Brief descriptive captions

BEGIN

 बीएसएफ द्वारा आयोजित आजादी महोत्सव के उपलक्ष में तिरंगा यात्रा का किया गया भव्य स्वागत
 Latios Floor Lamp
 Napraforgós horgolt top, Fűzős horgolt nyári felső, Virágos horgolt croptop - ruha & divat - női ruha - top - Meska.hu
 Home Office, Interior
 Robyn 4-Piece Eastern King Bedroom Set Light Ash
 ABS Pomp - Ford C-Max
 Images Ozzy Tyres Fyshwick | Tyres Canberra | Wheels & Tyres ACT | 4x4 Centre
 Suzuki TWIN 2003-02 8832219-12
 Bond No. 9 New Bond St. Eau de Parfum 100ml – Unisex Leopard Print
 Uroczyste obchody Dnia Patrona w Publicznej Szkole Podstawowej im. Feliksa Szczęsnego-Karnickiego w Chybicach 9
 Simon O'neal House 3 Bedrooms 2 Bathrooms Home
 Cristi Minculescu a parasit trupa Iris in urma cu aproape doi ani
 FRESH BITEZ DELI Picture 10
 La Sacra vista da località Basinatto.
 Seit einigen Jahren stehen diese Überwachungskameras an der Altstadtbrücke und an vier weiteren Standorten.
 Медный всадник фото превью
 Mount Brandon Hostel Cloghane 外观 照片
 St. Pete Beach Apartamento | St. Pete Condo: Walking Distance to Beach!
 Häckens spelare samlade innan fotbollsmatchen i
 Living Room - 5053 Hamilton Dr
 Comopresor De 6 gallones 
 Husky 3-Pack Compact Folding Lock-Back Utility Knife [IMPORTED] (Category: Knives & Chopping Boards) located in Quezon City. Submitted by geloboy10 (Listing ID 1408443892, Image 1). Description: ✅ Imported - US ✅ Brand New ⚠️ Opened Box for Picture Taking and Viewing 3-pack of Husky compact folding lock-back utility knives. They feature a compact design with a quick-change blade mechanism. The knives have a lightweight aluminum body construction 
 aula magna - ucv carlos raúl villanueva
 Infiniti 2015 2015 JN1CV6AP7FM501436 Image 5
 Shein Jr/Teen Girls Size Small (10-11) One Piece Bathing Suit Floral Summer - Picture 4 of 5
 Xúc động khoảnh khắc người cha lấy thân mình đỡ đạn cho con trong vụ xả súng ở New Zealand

END

▶ _EXERCISE_
In the data above, find the line containing "La Sacra vista da località Basinatto.", then copy it and every later line exactly.

▶ _PROBLEM SOLUTION_
 La Sacra vista da località Basinatto.
 Seit einigen Jahren stehen diese Überwachungskameras an der Altstadtbrücke und an vier weiteren Standorten.
 Медный всадник фото превью
 Mount Brandon Hostel Cloghane 外观 照片
 St. Pete Beach Apartamento | St. Pete Condo: Walking Distance to Beach!
 Häckens spelare samlade innan fotbollsmatchen i
 Living Room - 5053 Hamilton Dr
 Comopresor De 6 gallones 
 Husky 3-Pack Compact Folding Lock-Back Utility Knife [IMPORTED] (Category: Knives & Chopping Boards) located in Quezon City. Submitted by geloboy10 (Listing ID 1408443892, Image 1). Description: ✅ Imported - US ✅ Brand New ⚠️ Opened Box for Picture Taking and Viewing 3-pack of Husky compact folding lock-back utility knives. They feature a compact design with a quick-change blade mechanism. The knives have a lightweight aluminum body construction 
 aula magna - ucv carlos raúl villanueva
 Infiniti 2015 2015 JN1CV6AP7FM501436 Image 5
 Shein Jr/Teen Girls Size Small (10-11) One Piece Bathing Suit Floral Summer - Picture 4 of 5
 Xúc động khoảnh khắc người cha lấy thân mình đỡ đạn cho con trong vụ xả súng ở New Zealand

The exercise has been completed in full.